I’ve written a high-level post on common songwriting techniques for the writing portion of my site. Look here.
Sting (The Police)
June 11th, 2009 § 0
Sting — singer, songwriter, and bassist of The Police and solo musician — describes in detail his writing process for “Message in a Bottle.” This comes from a video interview in which Sting plays instruments to illustrate his points, so I highly recommend watching that instead of reading this!
Do you write when you’re on the road?
I’ve got lots of little boxes. I wrote “Message in a Bottle” on a bus on this [gestures to device], which is a tape recorder with a drum machine in. [presses play, and then plays "Message in a Bottle" riff on guitar along to a drum beat] …
So lets go in to “Message in a Bottle,” then. How did you write that?
Well, let’s go further back, even. I mean, as a songwriter, as a composer, you like the sound of certain chords, and I like the sound of, say, D-minor-9th. [plays chord on guitar] But I also like what follows it, which is A9. [plays chord[ And the combination is... [plays both in sequence] That’s good, I like that. Where do we take it from there? Go up to B, F#. [plays those two chords] And over two bars, you’ve got a sequence. And we start humming along. [plays chord sequence while humming melody]

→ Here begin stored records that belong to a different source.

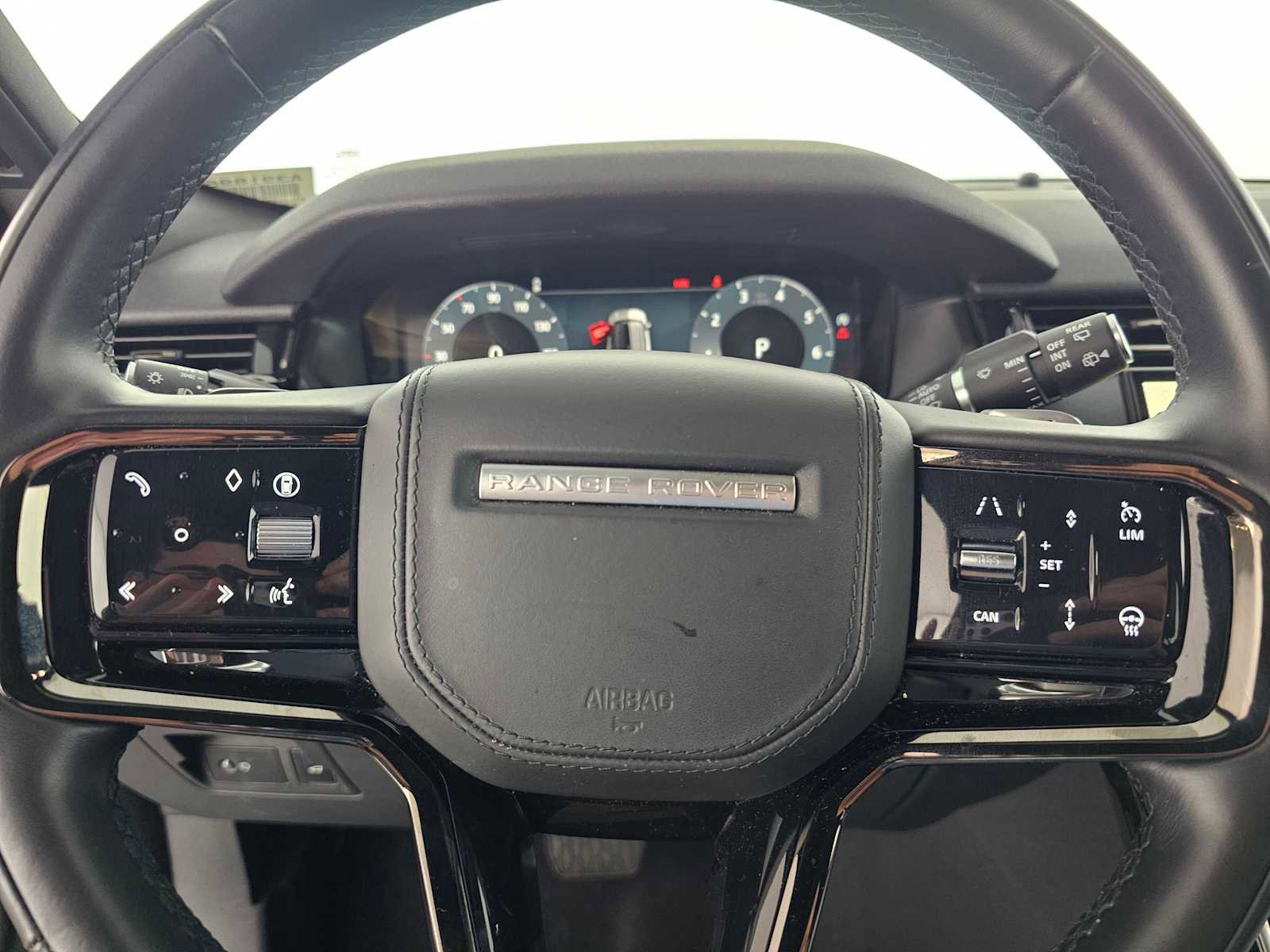 Used 2025 Land Rover Range Rover Velar S AWD/4WD image 22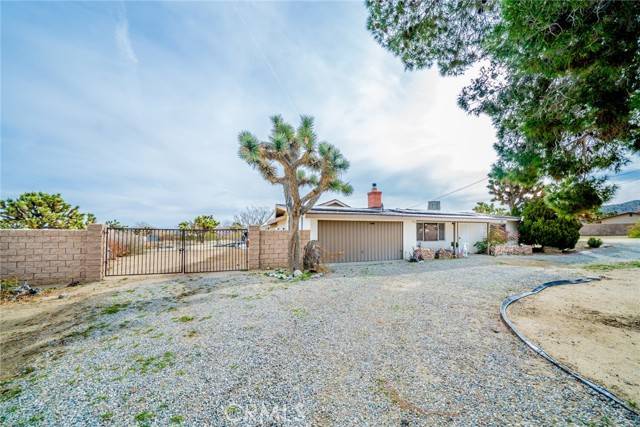 Yucca Valley, CA 92284,7341 Joshua View Drive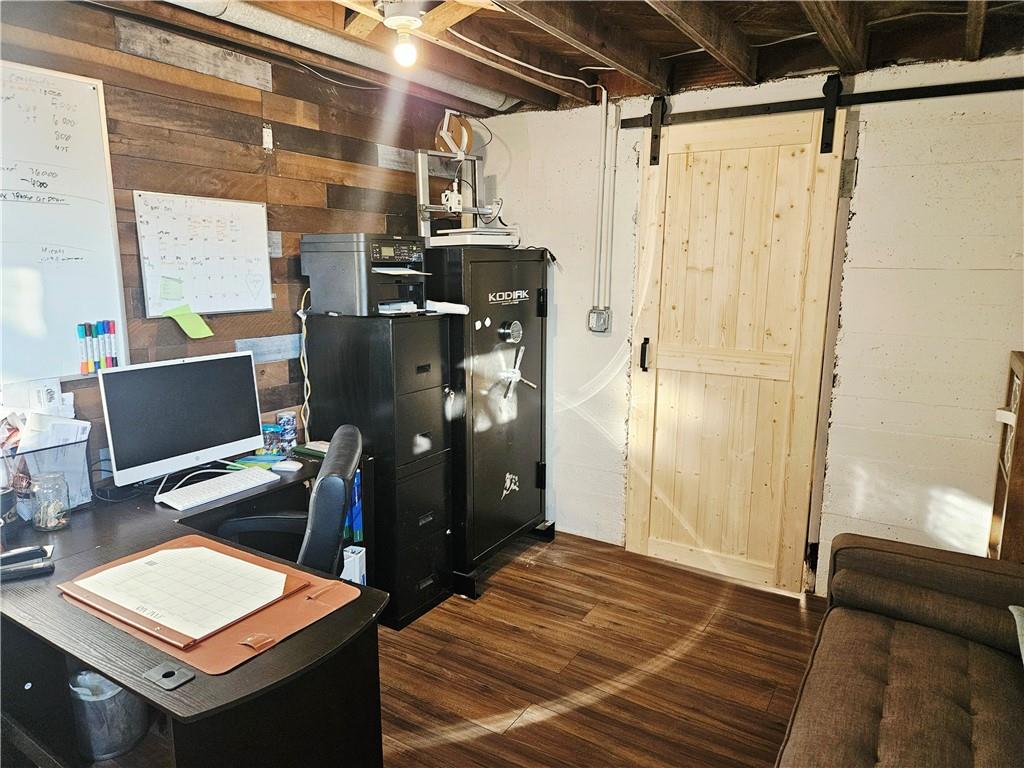 33253 Cedar Niles Road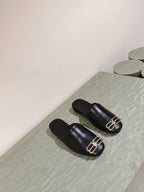 BLACK SHINY LAMBSKIN SQUARE TOE FLAT MULES GOLD BUCKLE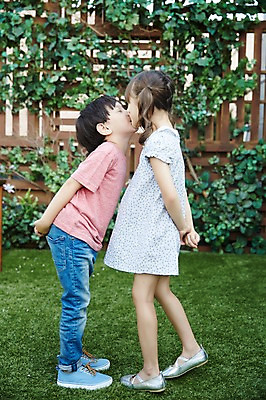 포토 JPG 주간 전신 외국인 커플 여자 남자 키스 사랑 잔디 야외 두명 옆모습 다정 유치원생 설레임 어린이만 국내포토 자연요소 식물 감정 어린이 뷰포인트 컨셉 관계 사람 인종 애정표현 파일형식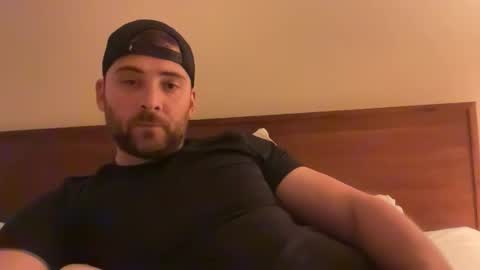 randomdude5950 online show from May 2026 01:35:01 AM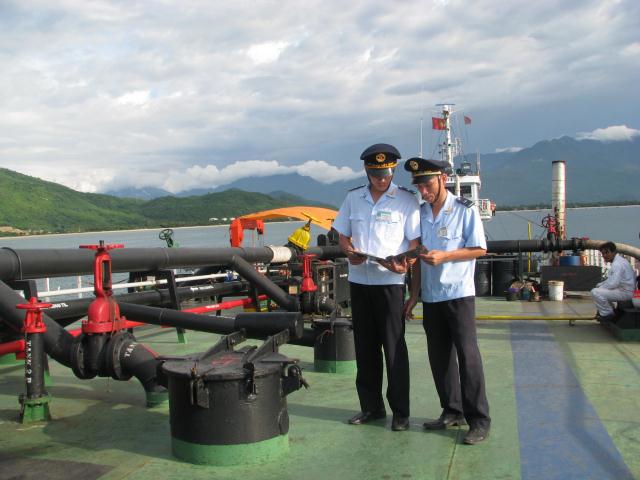Theo quy định, công chức Hải quan không phải thực hiện niêm phong bồn bể chứa xăng dầu. Nguồn: baohaiquan.vn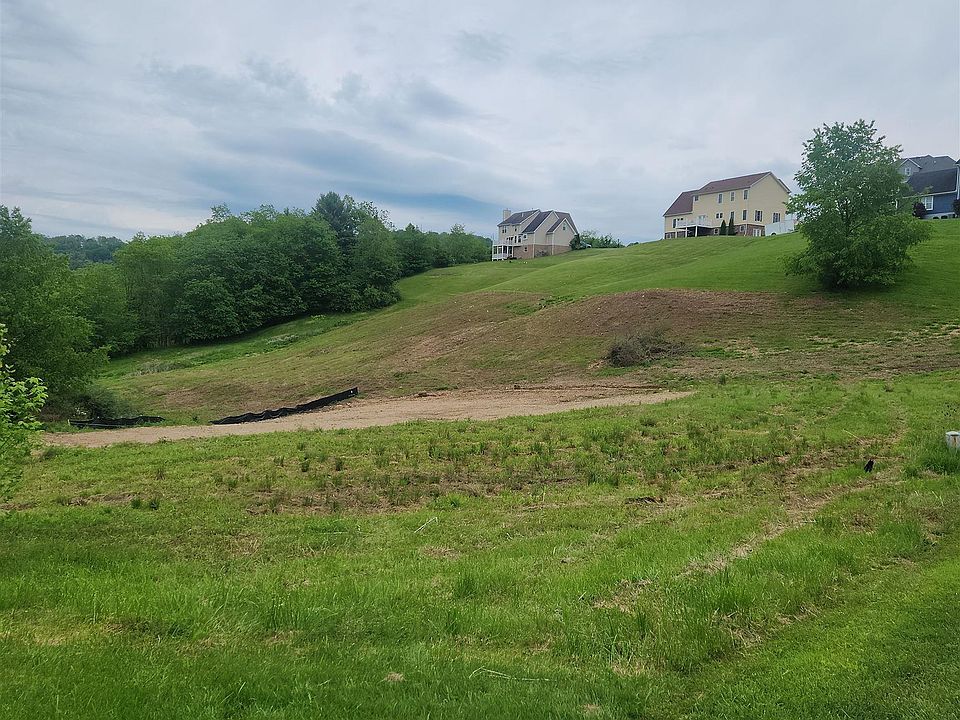 2nd image of 10 Orvis Dr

So the music comes first, before any lyrics, then?
No, that’s not true. It comes from two different areas. You put your music hat on, and you sit and write a riff, and then you go away with your notepad and write lyrics to it. And sooner or later they meet. By using tape recorders, you can keep track of your ideas, because it’s all flying around your head.
So with “Message in a Bottle,” were all the bits there, did they all come at once, or did you have one bit–
No, it all happened very slowly. As I say, I had this sequence going. [plays chords again] By arpeggiating, you get the riff [plays chord sequence again with arpeggiation] So we stick it down– [reaches for drum machine]
So this is how you demoed it to the band?
I get home from the bus, and I stick Dennis the Drum Box on, because Stuart [drummer] is not always available. [turns on drum machine] … And then I put this riff down, just from memory. [plays riff to drum beat, messes up] Mistakes as well. Wind it back, turn Dennis off, leave it for a day. Go back to it, listen to it, play along with it, see what happens. Play some sort of harmony with it.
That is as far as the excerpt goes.